Come riconoscere un Rolex falso

Sebbene non mi sia mai capitato di dover verificare l’originalità di un Rolex, mi sono talvolta ritrovata coinvolta in accesi dibattiti di amici e conoscenti “esperti” inerenti gli accorgimenti da assumere per non “prendere una fregatura” in caso di acquisto. Ritengo che, al di là di ogni astuzia ed attenzione, la prima e principale accortezza sia quella di rivolgersi ad un rivenditore serio e conosciuto, che svolge il proprio lavoro da tempo ed all’interno di un negozio, “rintracciabile” in caso di necessità. Non lasciarsi affascinare da illusorie offerte di vendita scontata, siano esse presso punti vendita o – peggio ancora – in internet è quindi la prima regola. Fatta questa premessa, un Rolex viene sempre venduto con una specifica scatola, diversa per ciascun modello, una serie di accessori e naturalmente un certificato di garanzia.
La scatola è fatta in legno e pelle di alta qualità, ed è avvolta in un involucro di cartone, da cui si sfila. All’interno della scatola si trova il certificato di garanzia, una card che riporta la data di acquisto, il numero di serie e la referenza del modello incisi anche sul retro della cassa dell’orologio. L’orologio è accompagnato da un porta documenti in pelle, dello stesso colore della scatola, che contiene: il libretto delle istruzioni che riguardano il funzionamento dell’orologio e la ricevuta di acquisto con indicato quando è stato comprato l’orologio e quanto è stato pagato.
Per quanto riguarda la fattura dell’orologio tenete presente che la ghiera di un Rolex, quando viene fatta ruotare, coincide sempre con i minuti riportati sul quadrante. Se i segni non sono allineati alla perfezione, l’orologio non è originale, ma un falso. La lancetta dei secondi scorre in modo “fluido” nel quadrante, senza scatti e sfiorando la minuteria; il puntino luminoso posto in cima alla lancetta dei secondi sfiora il vertice del triangolo che si trova in posizione 12. La lancetta dei secondi, inoltre, si blocca completamente se la la corona dell’orologio viene estratta, mentre se abbiamo tra le mani un falso continuerà a ruotare. Ulteriore segno di riconoscimento è, nei modelli costruiti dalla fine del 2003, l’incisione di una piccola corona sul vetro in corrispondenza delle ore 6. La corona è visibile con una lente di ingrandimento. Come anticipato, l’incisione del numero di serie e del numero di referenza del modello sul retro della cassa dell’orologio sono garanzia di autenticità. Questi numeri devono essere incisi tra le anse, con un tratto molto sottile, non “granuloso” e non troppo ravvicinati l’uno all’altro. Sembra che il numero di serie “R863698” sia molto utilizzato dai falsari e sia quindi un chiaro indizio del fatto che ci troviamo di fronte ad un pezzo non originale.

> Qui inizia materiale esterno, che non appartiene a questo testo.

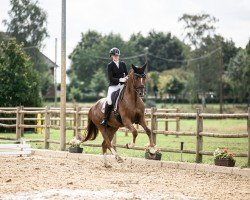 dressage horse St. Georg 7 (Hanoverian, 2018, from Sir Donnerhall I)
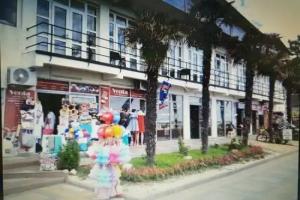 Alenka Mini-hotel, Adler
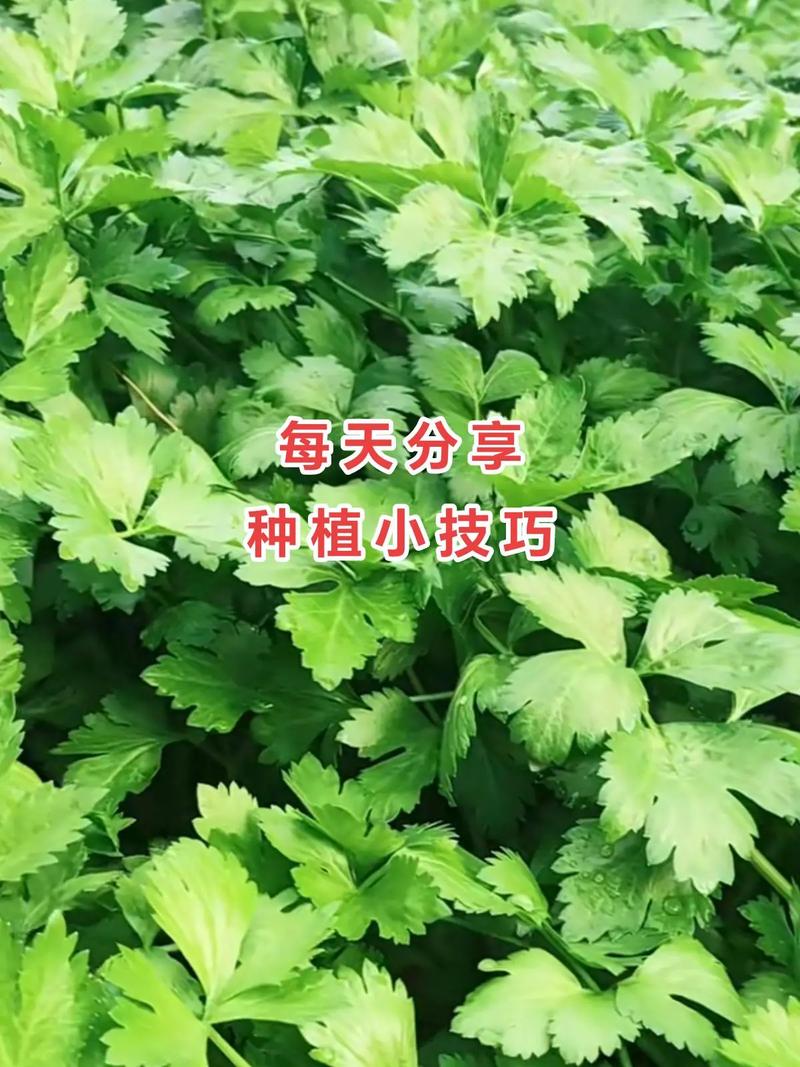 我是三农领域创作者，现在在西安市，怎么发垂直的视频「蔬菜种植速成技巧视频教程」 我是三农领域创作者，现在在西安市，怎么发垂直的视频「蔬菜种植速成技巧视频教程」 番茄种植技巧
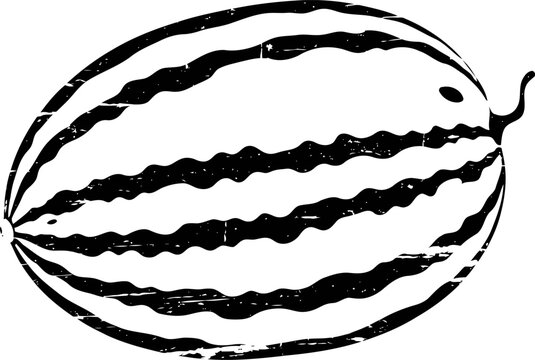 Black and white watermelon illustration with textured stripes and a short curved stem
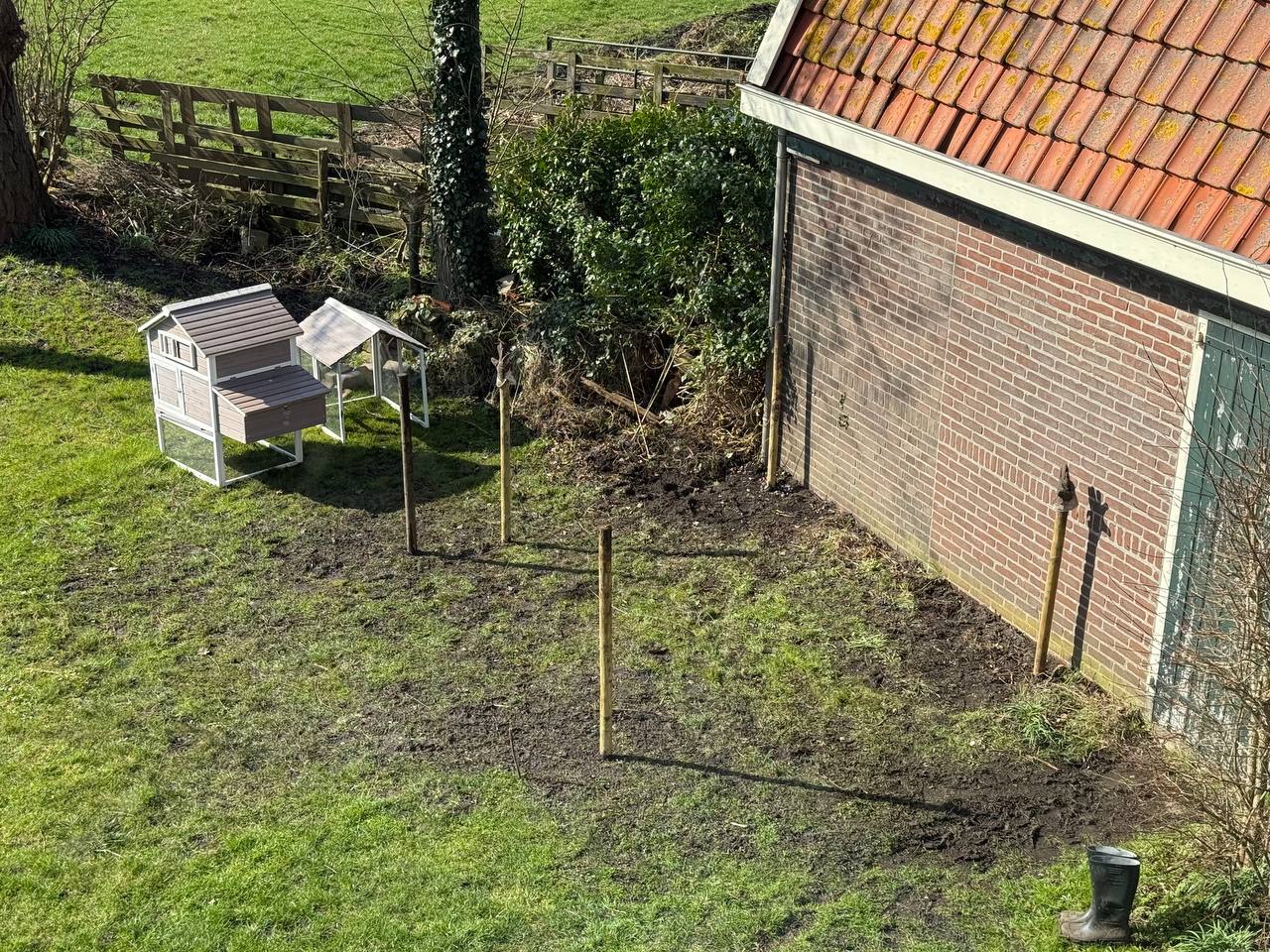 Chicken area with chicken coop inside it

Il bracciale di un orologio originale ha ciascuna maglia composta da tre pezzi di metallo, mentre nei falsi sono fatti da un solo pezzo di metallo ripiegato più volte. I perni che sorreggono le maglie devono avere una piccolissima scanalatura, visibile con un monocolo, che serve per infilarvi il cacciavite e che chiaramente le copie non hanno. Infine, la scatoletta di chiusura del bracciale deve riportare il logo inciso, ed i numeri del datario devono essere perfettamente contenuti nella lente d’ingrandimento (nei falsi sono spostati rispetto al centro).